December 20, 2019 / 9:07 AM / 2 months ago

GLOBAL MARKETS-World stocks hit record high, as sterling endures torrid week

* MSCI world index up 0.1% to record high

* Washington says trade deal done, China reticent

* Sterling heads for worst week since late 2017

* Graphic: World FX rates in 2019 tmsnrt.rs/2egbfVh (Changes dateline, byline, updates throughout)

By Tom Wilson and Swati Pandey

LONDON/SYDNEY, Dec 20 (Reuters) - World stocks touched record highs on Friday, as trading wound down before the year-end holidays, while the British pound was heading towards its worst week for more than two years amid renewed worries over how Britain will leave the European Union.

MSCI’s world equity index, which tracks shares in 49 countries, gained a smidgeon to 561.31, bettering a record touched on Thursday as optimism infused markets after the United States and China agreed an initial trade deal.

The MSCI index is on track to advance more than 1% this week, in what would be its fourth straight week of gains.

European shares led the way, with the broad Euro STOXX 600 gaining 0.3% in early trading. Indexes in Frankfurt , Paris and London all made similar gains.

However Shell shares fell 0.6% after it said it expects impairment charges of up to $2.3 billion in the fourth quarter and trimmed its forecast for quarterly oil production sales.

On Wall Street, e-mini futures for the S&P 500 slipped a touch but were near all-time highs, having risen more than 1% in the week.

MSCI’s broadest index of Asia-Pacific shares outside Japan were steady after rising 1.2% so far this week and almost 5% this month.

Underscoring that the trade war issue has been put to bed for now, U.S. Treasury Secretary Steven Mnuchin said the United States and China would sign their Phase One trade pact in early January.

Mnuchin said the documentation was completely finished and just undergoing a technical “scrub”, though Beijing has so far dodged all details of the deal.

The U.S. House of Representatives also overwhelmingly approved a new North American deal that leaves $1.2 trillion in annual U.S.-Mexico-Canada tradeflows largely intact.

Market players were already beginning to look at what the next steps for the Washington-Beijing saga will be in the new year.
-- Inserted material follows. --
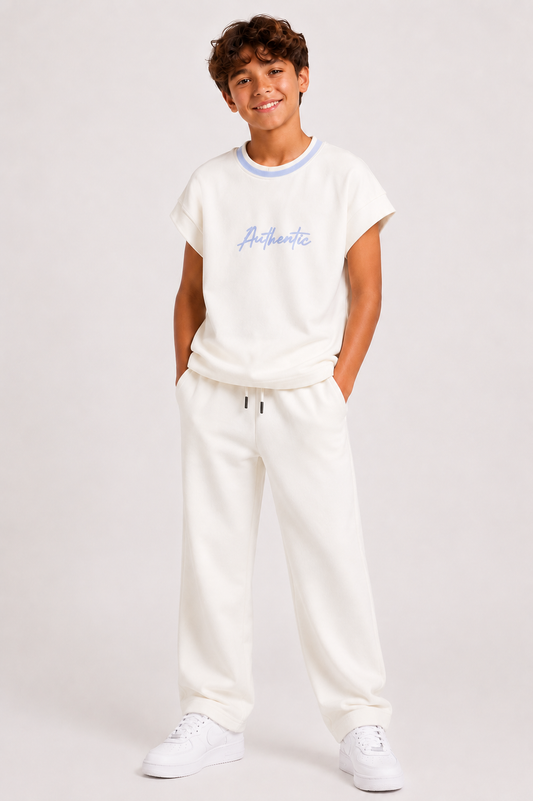 Authentic Set - Off White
“The focus will be on what the outlook is on a more comprehensive phase two deal - what the language is like, what Trump and the Chinese are saying about it,” said Neil Wilson, chief markets analyst at Markets.com.

Wall Street investors had on Thursday pushed the S&P 500 to a sixth straight record, its longest such streak since January 2018. All three major U.S. indexes - S&P 500, Nasdaq and Dow - notched record closing highs.

Still, some data reminded investors of the fragile state of the world economy.

The mood among German consumers deteriorated unexpectedly heading into January, a survey showed, suggesting that household spending in Europe’s largest economy could weaken at the beginning of next year.

POUND IN PERIL

On the currency front, sterling steadied after suffering a harsh reversal that left it facing its worst weekly fall since late 2017 at 2.4%.

Former Bank of England deputy governor Andrew Bailey will be the central bank’s next governor, Britain’s finance minister said. Bailey will serve an eight-year term, with investors expecting continuity on monetary policy.

The pound was up 0.2% at $1.3025 having slipped overnight to below $1.30, a dramatic drop from a $1.3514 peak when British Prime Minister Boris Johnson used his sweeping election victory to revive the risk of a hard Brexit.

“We see the biggest risks being to GBP/USD depreciation over the next two weeks as Brexit preparations take place amidst the most sluggish UK economy in 10 years,” said Richard Grace, chief currency strategist at CBA.

The British parliament will vote at around 1430 GMT on Johnson’s Brexit deal.

Against a basket of currencies, the dollar edged up 0.04% for the week to 97.406, thanks mainly to the steep drop in sterling.